The EPA’s primary asbestos program affecting schools is contained in the Asbestos Hazard Emergency Response Act (AHERA).  Additional regulations are found in the Asbestos School Hazard Abatement Reauthorization Act (ASHARA).  AHERA requires school districts to: (1) designate a specific individual who is responsible for complying with the applicable rules , (2) inspect their schools for asbestos containing building materials, (3) prepare asbestos management plans to prevent or reduce asbestos hazards, and (4) conduct routine inspections every six months, and full inspections and plan updates every three years.  ASHARA requires accreditation of personnel working on asbestos activities in schools. 
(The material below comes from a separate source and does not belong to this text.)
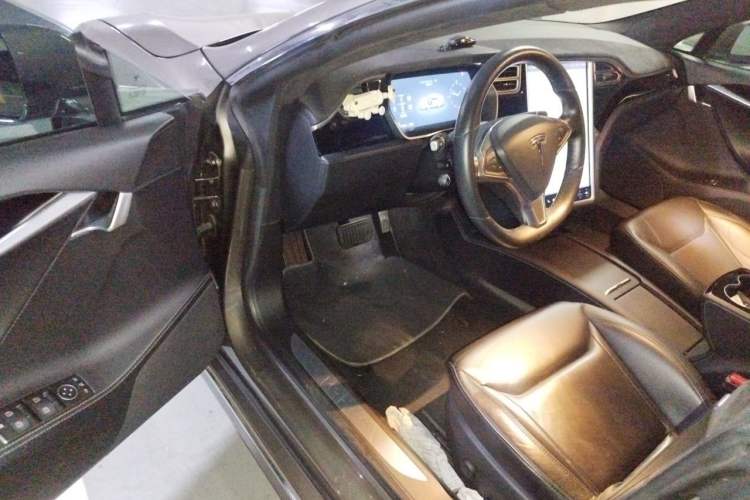 Used Tesla Model S 2016 S 75D Driver Seat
In Texas, DSHS is responsible for monitoring compliance with AHERA and ASHARA for the EPA.  In addition, Texas has promulgated the Texas Asbestos Health Protection Act (TAHPA) and Texas Asbestos Health Protection Rules (TAHPR).  The purpose of TAHPR is to establish the means for control and to minimize public exposure to airborne asbestos fibers.  DSHS may take appropriate administrative or legal action for non-compliance with these Rules.  Districts must remember that they are required to notify DSHS prior to disturbing any asbestos containing building material, and have all abatement procedures done by a properly licensed individual.  Failure to follow the above rules can create stiff penalties, up to and including fines of $10,000 per day, per violation.
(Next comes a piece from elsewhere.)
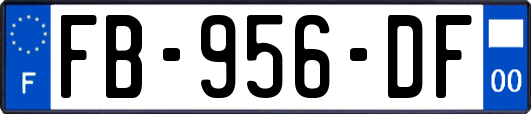 FB-956-DF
Avoiding hazardous materials, and stiff civil penalties, can be a daunting task.  The key to compliance begins with a thorough risk assessment.  School administrators facing environmental uncertainties should also use government resources by contacting the EPA, TCEQ or DSHS when questions arise.  Being proactive and diligent will lead to simpler and less expensive resolution of an environmental problem.  Failure to address environmental hazards that become environmental problems will only lead to stiff fines for a district.

For more information on these hazards and compliance with state and federal regulations, please contact Fred Stormer or any member of Underwood Law Firm’s Public Education Law Section

[1] These include, but are not limited to: Resource Conservation and Recovery Act (RCRA)(42 U.S.C. §6991); Renovation, Repair and Painting Rule (RRP) (40 C.F.R. § 745.80-83, et seq.); Texas Environmental Lead Reduction Rules (TELRR) (Texas Occupations Code, Chapter 1955, 19 TAC §37.332, and 25 TAC §§295.201 – .220); Texas Mold Assessment and Remediation Rules (TMARR) (19 TAC §295.301, et seq.); federal underground storage tank regulations (40 C.F.R. §§280.12 and 302.4);  Texas underground storage tank regulations (30 TAC §§213, 214 and 334, et seq.); Asbestos Hazard Emergency Response Act (AHERA)(PL 99-519, AHERA Rule 40 CFR Part 763, subpart E); Asbestos School Hazard Abatement Reauthorization Act (ASHARA) (20 U.S.C. §4014, 40 CFR Part 763; Comprehensive Environmental Response Compensation and Liability Act (CERCLA) (42 U.S.C. §9601, et seq.); and, Texas Asbestos Health Protection Act (TAHPA)(Texas Occupations Code Chapter 1954, 19 TAC §295.67, et seq.).

This column is published for informational purposes only. It should not be construed as legal advice and is not intended to create an attorney client relationship. The views expressed are those of the author and do not necessarily reflect the views of the author’s law firm or its individual partners.